To that end, the Acrylicize and Spotify teams looked for ways to involve employees in the design process at each stage, through video updates and Blank Canvas, a company-wide magazine distributed physically and virtually. Long before the offices reopened for hybrid and in-person work, workers received an introduction to their new space.
“Now all of a sudden you don’t need to be in the physical space to share in the culture,“ explains James Burke, founder and global creative director of Acrylicize.
The Process: Global strategy meets local conversations
To bring its vision to life, Spotify turned to Acrylicize, which had previously created standalone projects for Spotify’s London and Stockholm offices. The collective had recently developed what it called the “Hyper Evolved Workplace” strategy, which prioritized building workspaces that balanced purpose and growth with community responsibilities to be equitable and sustainable.
“We really started talking about what the office needs to be through the Hyper Evolved Workplace strategy,” remembers Simmonds. “It let us look at our ways of working: our culture, our beliefs, and what Spotifiers want and need.”
They started with regular design workshops that met weekly to discuss how Spotifiers wanted to interact with their space. “One of the key insights from that experience was the phrase, ‘capturing the sawdust on the floor,” says Burke. “At Spotify, there was this real sense of making things happen on the ground.”
That focus on the company’s work helped the team land on a unifying principle for all their offices: a celebration of audio. They set out to design spaces that would bring Spotify’s podcasts, playlists, and artists to life throughout its offices, reminding employees of the company’s central purpose while highlighting each office’s unique location. Local Spotify teams were given the ability to select, critique, and shape creative direction, producing a unique feel from office to office that represents the community, podcasts, and artists related to each city.

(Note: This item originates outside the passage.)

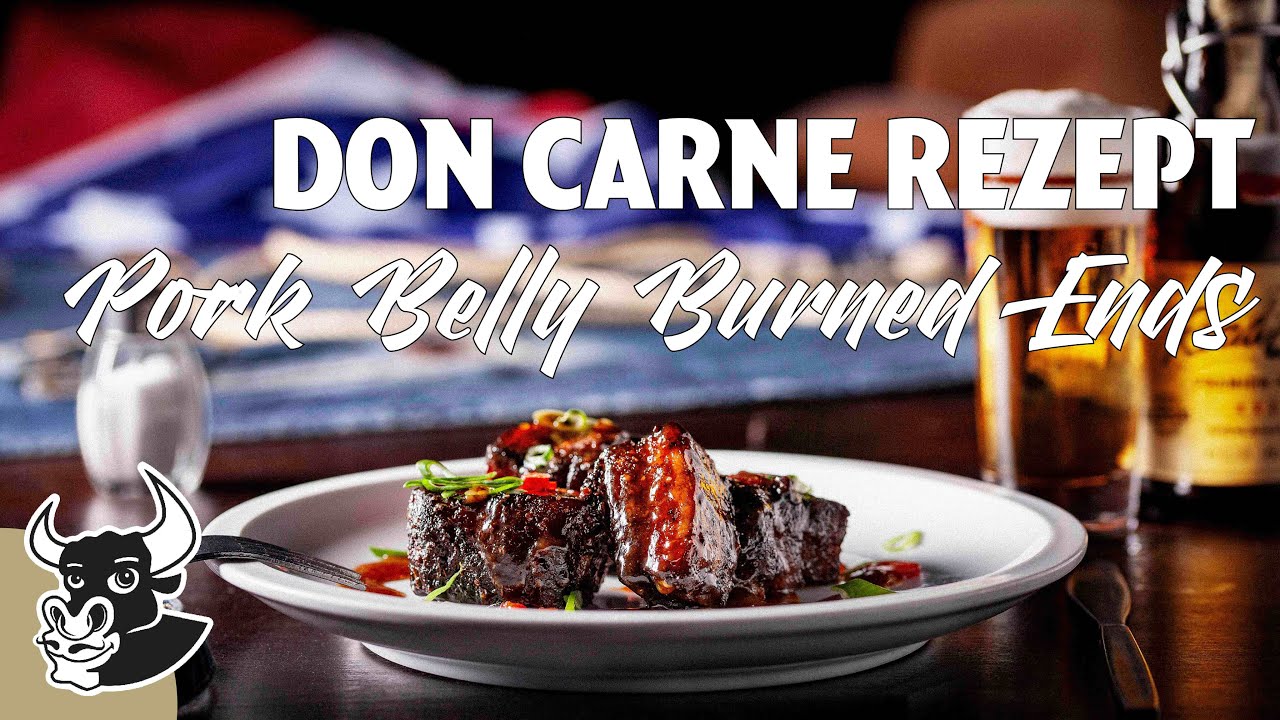 Pork Belly Burnt Ends 🐷🔥 | BBQ REZEPT | DON CARNE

The Result: A worldwide celebration of audio
Spotify fully opened its offices globally in May 2022, giving most of its employees a choice of hybrid, remote, or in-person working modes through its Work from Anywhere initiative.
The final spaces have some elements that have become the norm for modern workplaces, such as plenty of collaboration space and onsite dining and coffee shops. But the defining feature is the abundance of artwork that visualizes the music and podcasts that make Spotify unique.

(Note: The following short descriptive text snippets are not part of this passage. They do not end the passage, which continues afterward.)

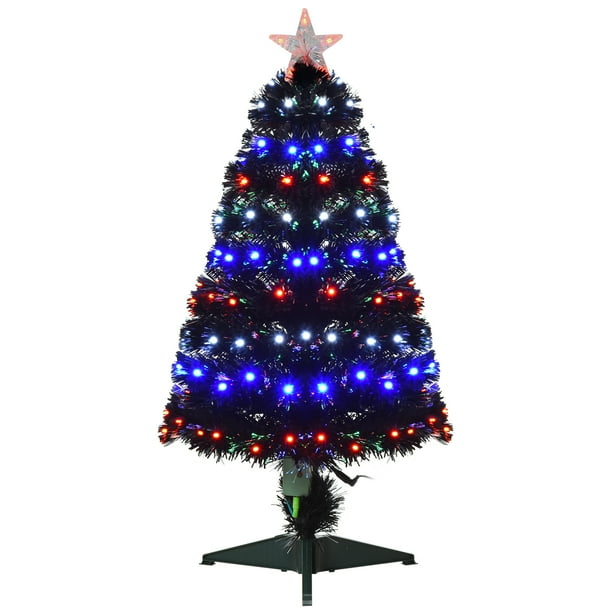 3ft Tall PreLit Douglas Fir Artificial Christmas Tree with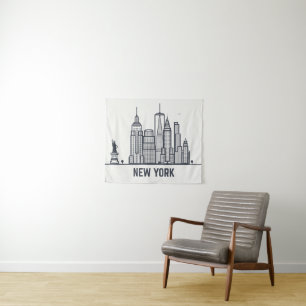 New- York CitySkyline Wandteppich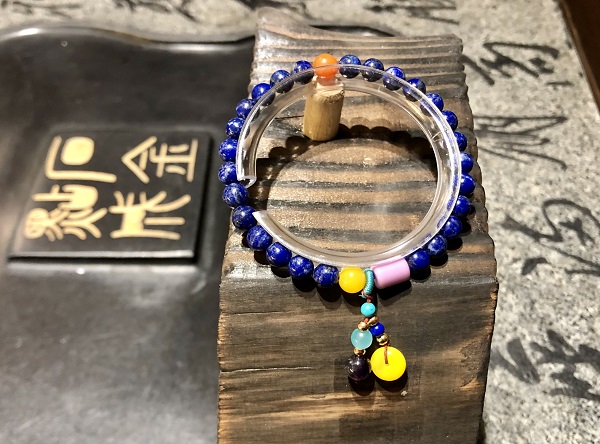 Vòng Đá Thanh Kim (Lapis Lazuli) Tự Nhiên Cao Cấp - VIP680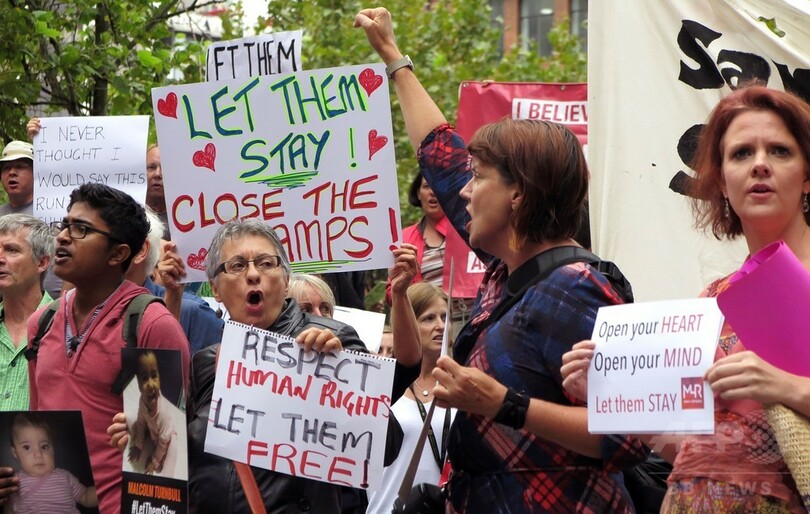 豪教会、難民申請者に「聖域」提供へ 政府のナウル移送計画に対抗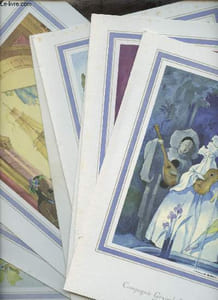 Lot 8 Menus : Paquebot France compagnie générale transatlantique French line - Menu de 1969.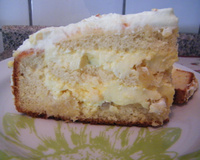 Bolo gelado de abacaxi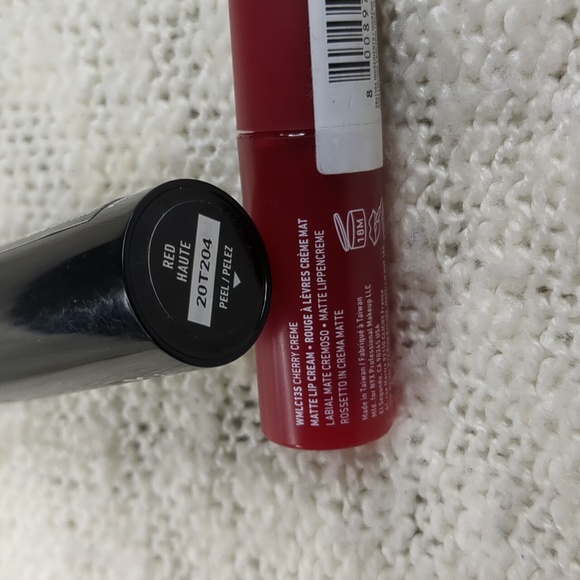 NYX Satin Lipstick in Red Haute and Smooth Whip Lip Balm in Cherry Creme Duo - Picture 5 of 9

Some of the pieces incorporate audio through speakers in the space, like New York City’s ‘Plant Performers (overleaf),’ in which transistors connected to houseplants allow plants to play music, and Stockholm’s Echo Spectrum, a circular LED light installation synchronized to live music inputs.

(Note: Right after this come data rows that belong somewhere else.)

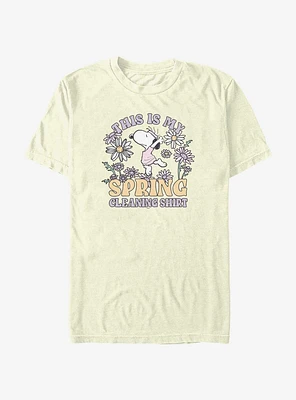 Peanuts Spring Cleaning T-Shirt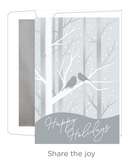 Elegant Box Card Collection – Winter Birds
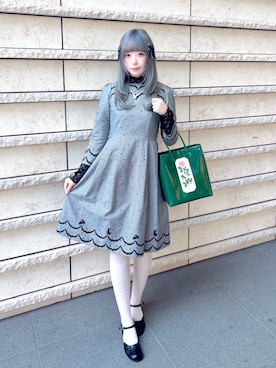 「アイテム（ワンピース/ドレス）」を使った、きなさん（レディース・165cm）の冬コーディネート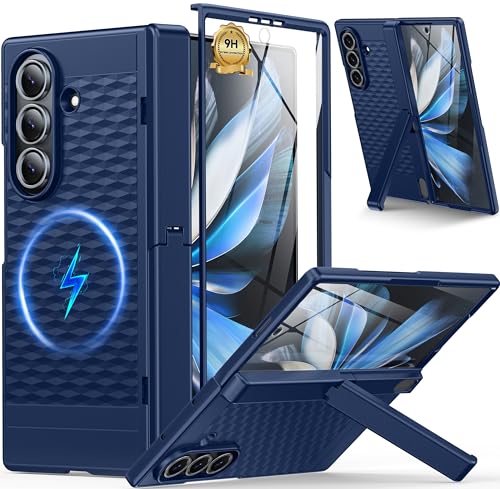 Coque charnière Galaxy Z Fold 7 bleu pour éliminer les risques de casse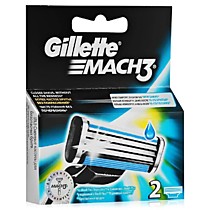 Сменные кассеты Gillette Mach3, 2 шт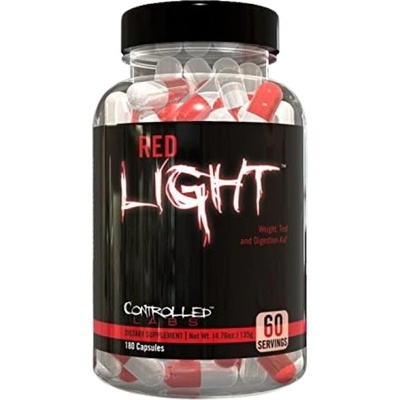 CONTROLLED LABS Red Light | Thermogenic Weight, Test & Digestive Aid [180 капсули]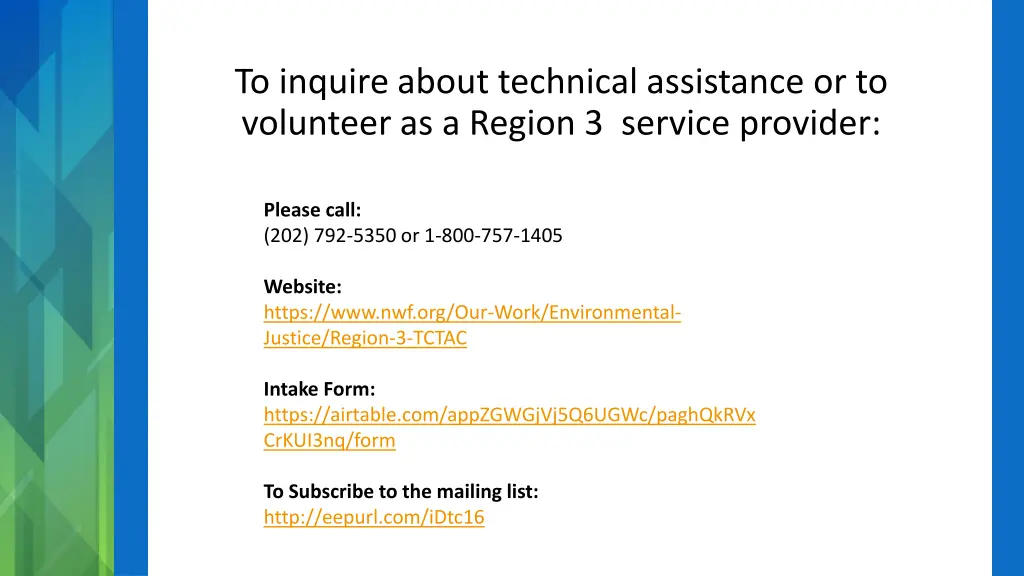 to inquire about technical assistance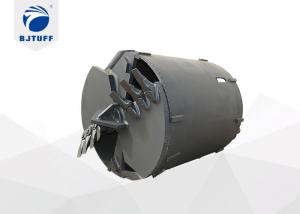China Double Cutter Double Bottom Straight Clay Drilling Bucket For Drill Rig Machine factory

Other artwork celebrates audio silently. In New York, each of the 16 floors’ elevator bays bears a mural from a local artist. For three of the murals, Acrylicize and Spotify commissioned works by students at New York art programs, including Simiao Wang, who graduated from the School of Visual Arts with an MFA in 2021. Her mural, ‘Infinite Possibilities,’ depicts New Yorkers dancing, playing, and listening to music among colorful building blocks that evoke the city’s iconic architecture. “I wanted to show the freedom of the city and the infinite possibilities that allow us to do anything,” she says.
At the Los Angeles office, global HR lead Preeti Singh’s favorite artwork is a piece in the collection ‘Drumline,’ which depicts the opening drum break in Led Zeppelin’s ‘Moby Dick.’ For Singh, seeing artwork like ‘Drumline’ in meeting rooms and common spaces “keeps us centered by keeping things playful—we are an audio company, after all,” she explains.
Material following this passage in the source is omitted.